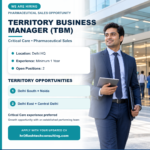 Flash Tech Consulting hiring poster for Territory Business Manager positions in Delhi, requiring pharmaceutical sales experience with Critical Care exposure preferred.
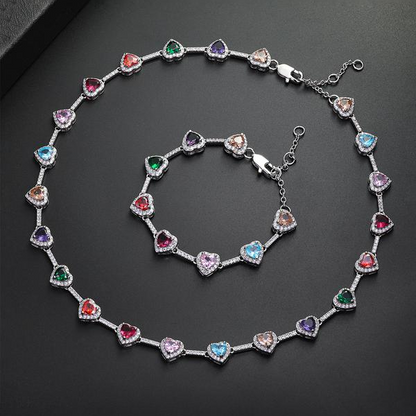 2pc Heart Shaped Colorful Necklace & Bracelet Set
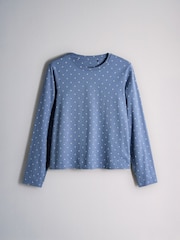 Blue/Light Taupe/Blue Star Print - The Set 3 Ұзын жеңді мақта пижамалары - 9суретінің 4 суреті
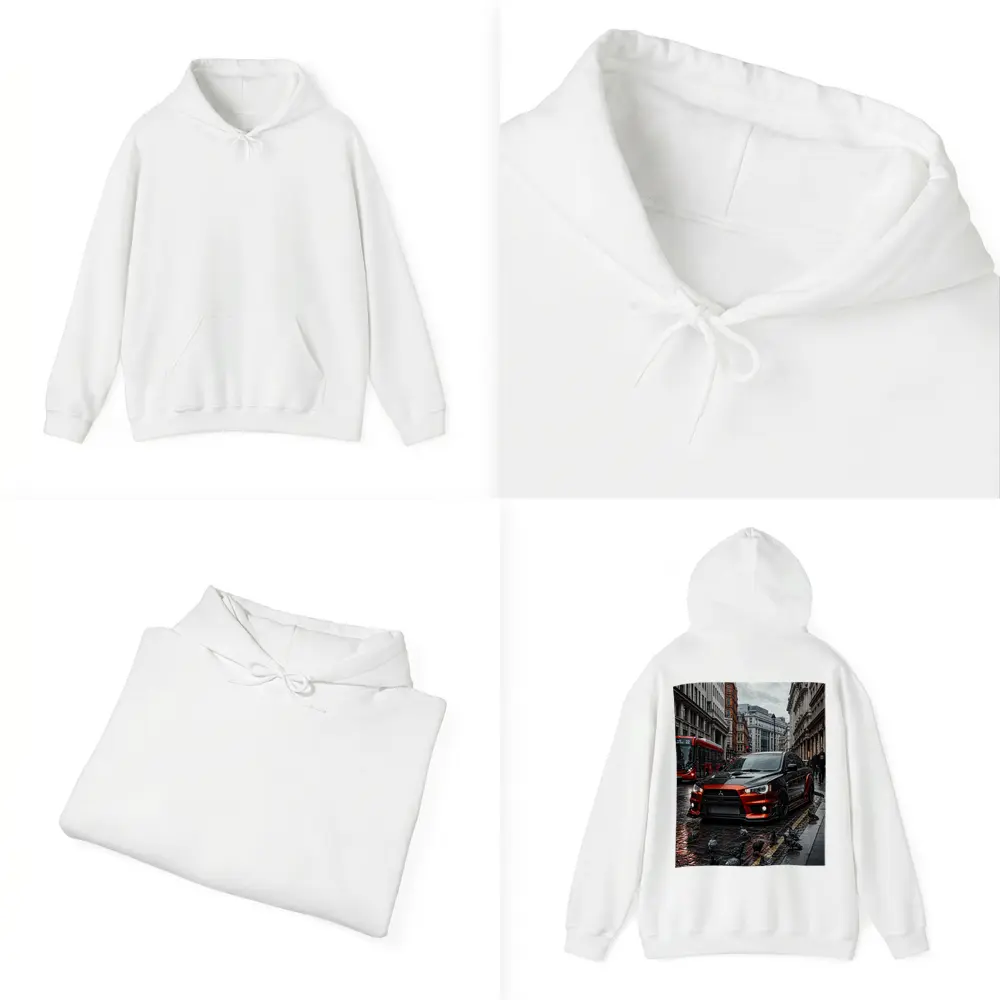 Mitsubishi Lancer Evolution Rainy London Streets – Hoodies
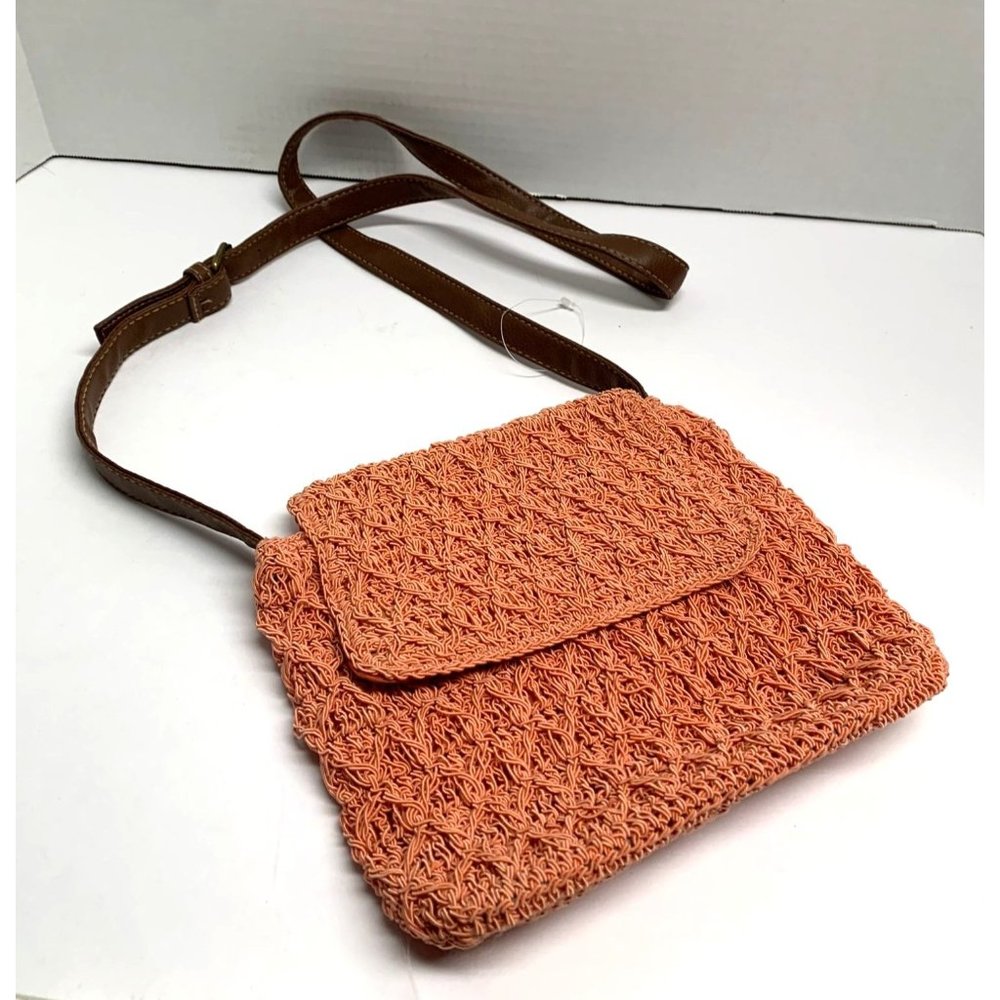 Crocheted Orange Purse Handbag Crossbody Knit 9x9x2.5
:::::
### [Assignment]
Restate the records above in full, word for word. Keep pictures out.

### [Answer space]
 Flash Tech Consulting hiring poster for Territory Business Manager positions in Delhi, requiring pharmaceutical sales experience with Critical Care exposure preferred.
 2pc Heart Shaped Colorful Necklace & Bracelet Set
 Blue/Light Taupe/Blue Star Print - The Set 3 Ұзын жеңді мақта пижамалары - 9суретінің 4 суреті
 Mitsubishi Lancer Evolution Rainy London Streets – Hoodies
 Crocheted Orange Purse Handbag Crossbody Knit 9x9x2.5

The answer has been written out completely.